保護リレーはどういった機能を持つ機器なのでしょうか。保護リレーの役割と種類、保護リレーに関する規格をご紹介します。
保護リレーは、保護継電器とも呼ばれる電気回路で使う機器の一つです。電力系統や電力設備において、電力または電圧の急激な変化のような異常状態を検出すると、その箇所を切り離して影響を最小限にとどめる働きをします。
こういった電圧の急変といった異常は、主に短絡や地絡によって引き起こされます。保護リレーはそれを数十ミリ秒という短時間で検出し、遮断器・開閉器へと制御信号を送り、異常箇所を切り離します。これにより他の健全部を保護するのが保護リレーの役割です。
保護リレーは、発電や送電など電力系統インフラにおいても活躍しています。そういった大規模設備で使われるのは、保護リレーとマイクロプロセッサを組み合わせた保護制御システムと呼ばれる装置です。落雷や暴風雪など自然の脅威によって引き起こされる事故を最小限に留め、私たちの暮らしの基盤を守るという重用な役割も担っているのです。
保護リレーには、その仕組みや作動原理によっていくつかの種類があります。
過電流保護リレー(過電流保護継電器)は、変流器によって電路の短絡や過負荷状態を検出し、一定以上の電流が流れた際に作動する保護リレーです。瞬間的に大電流を検出した際に作動する瞬時要素と、徐々に電流値が増大した際に一定値で作動する現時要素の二つの動作要素を持ち、短絡や過負荷どちらの異常にも対応できるようになっています。動作表示器のあるものであれば、どちらの要素によって保護リレーが働いたか表示されるようになっているため、原因究明に役立ちます。
変圧器によって電圧の急上昇や電圧低下を検出して作動するのが電圧保護リレー(電圧保護継電器)です。電圧が設定値を超えたときに作動するものは過電圧保護リレー(過電圧保護継電器)と呼ばれます。一方、電圧が設定値以下になったときに作動するものは不足電圧保護リレー(不足電圧保護継電器)です。
ケーブルの被覆が劣化したり電気機器に絶縁破壊が起こったりといったとき、地絡が発生する場合があります。こういった地絡事故を検出し作動するのが地絡保護リレー(地絡保護継電器)です。
特に指定がなく地絡保護リレー(地絡保護継電器)という場合には、零相変流器によって検出する電流の大きさのみで作動するものを指します。一方、零相変流器と零相電圧検出装置の組み合わせによって電流の大きさと位相差を検出し動作するものは地絡方向保護リレー(地絡方向保護継電器)と呼ばれています。
衝撃圧力保護リレー(衝撃圧力保護継電器)は、絶縁に使用される油やガスの圧力が異常上昇した際にそれを検出し作動する、機械的な作動原理を持つ保護リレーです。それぞれ衝撃ガス圧保護リレー(衝撃ガス圧保護継電器)、衝撃油圧保護リレー(衝撃油圧保護継電器)と呼ばれています。

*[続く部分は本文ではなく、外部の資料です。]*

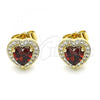 Oro Laminado Stud Earring, Gold Filled Style Heart Design, with Garnet Cubic Zirconia and White Micro Pave, Polished, Golden Finish, 02.210.0476.1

温度保護リレー(温度保護継電器)は、過負荷の発生により変圧器の温度が上昇するのを検出して作動する保護リレーです。
ピトー保護リレー(ピトー保護継電器)は、流体の流速を計測するピトー管の働きを作動原理とした保護リレーです。タンク内の油圧やガス圧の急激な変化を検出して作動します。
放圧装置は、正確には保護継電器の補器といった位置づけにある装置です。変圧器の内部短絡によってタンク内の圧力が急上昇した際、ガスや油を放出しタンクの変形や破壊を防ぐ役割を持っています。
保護リレーについての規格は、JIS・JEC・B401・JEM・JCS・NECA・NKなどの国内規格で規定されています。例えば、JEC-2500にあるのは電力用保護継電器についての規格、JEM1356では三相誘導電動機用熱動形保護継電器についての規格があります。
また、IECやVDEといった国外規格でも規定されていて、国際標準化も進んでいます。
国内規格であるJEM1093には、交流変電所用制御機器具について規格しており、それぞれの器具に番号が割り振られています。この中で、保護リレーについても器具番号が設定されています。「4」は主制御回路用の保護リレー、「26LR」は負荷時電圧調整器用に使われる温度保護リレー、「76」は直流過電流保護リレーなどのように決められています。
こういった制御器具番号は、保護リレーの正面に白い文字で刻印され、すぐに何のための装置かが判別できるように表示されることもあります。
保護リレーの役割や種類、規格についてご紹介しました。
保護リレーは短絡や地絡といった異常状態があると、事故発生箇所を瞬時に切り離すことで、系統事故の影響を最小限に抑える役割を持っています。また、電力系統の監視をしながら、消費電力を把握して省エネ対策に役立てる機能を持つものも普及しています。保護リレーは、回路の保護だけでなく、環境対策としての役割も担うようになっています。